I’ve speculated as to whether God created Michael Steele’s tenure at the RNC simply for the purposes of cosmic comic relief, seeing as the financial crisis appears so bleak. You can see in our feature we’ve got this story about a bizarrely thrown together request for proposals Steele’s team sent out looking for bids for rebuilding the RNC website.

He caught a lot of grief because the RFP seemed so laughably

michaelsteele-blog.jpg

put together. But he’s also drawn suspicion from a few GOP insiders who think it was thrown together so haphazardly because Steele has already decided on some friend’s firm to give the contract to.

Now, normally, fun as it is chronicling the Steele/RNC trainwreck, we wouldn’t waste too much ink on how they recruit their web designers. But this little wrinkle caught our attention today because, not to put too fine a point on it, Steele’s got a bit of a history for running organizations that pay nice chunks of change to contractors even when it’s not completely clear what work they did or whether they had the expertise or even the legal right to do it.

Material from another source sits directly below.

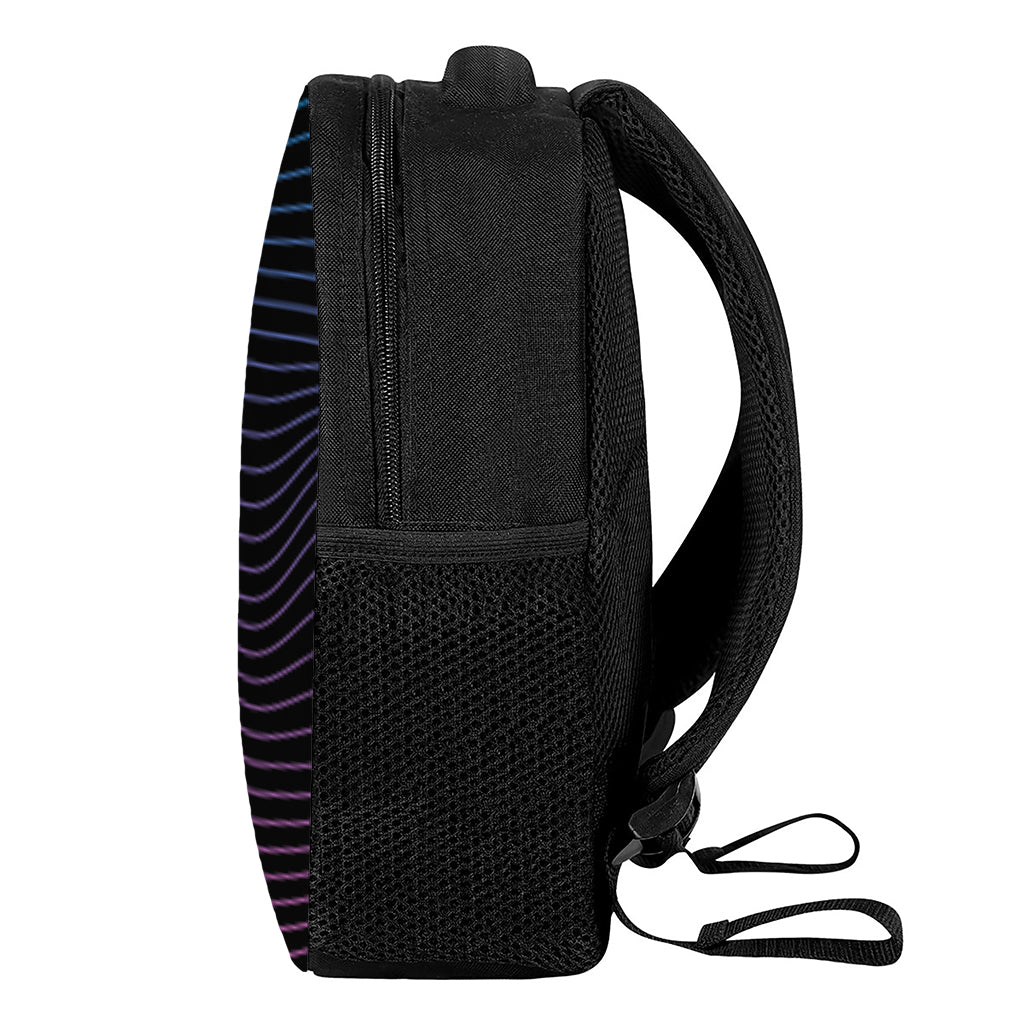 Blue And Purple EDM Wave Print Casual Backpack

If I were a stakeholder in the GOP, I might be just as concerned with what’s going on at headquarters as I was with what Steele was doing on TV.

Meanwhile, Sean Quinn says that Steele’s fate could be sealed if the GOP gets a bad result in the special election to replace Kristen Gillibrand in New York-20 later this month.

03.09.09 | 7:16 pm
Different Path to the Same Chair?

Felix Salmon finds this little nugget in a NY Mag profile of Vikram Pandit, Citigroup CEO. It turns out that Sandy Weill, the guy who in the 1990s built Citi into the mammoth systemic risk Death Star it is today wanted the job to go to Tim Geithner.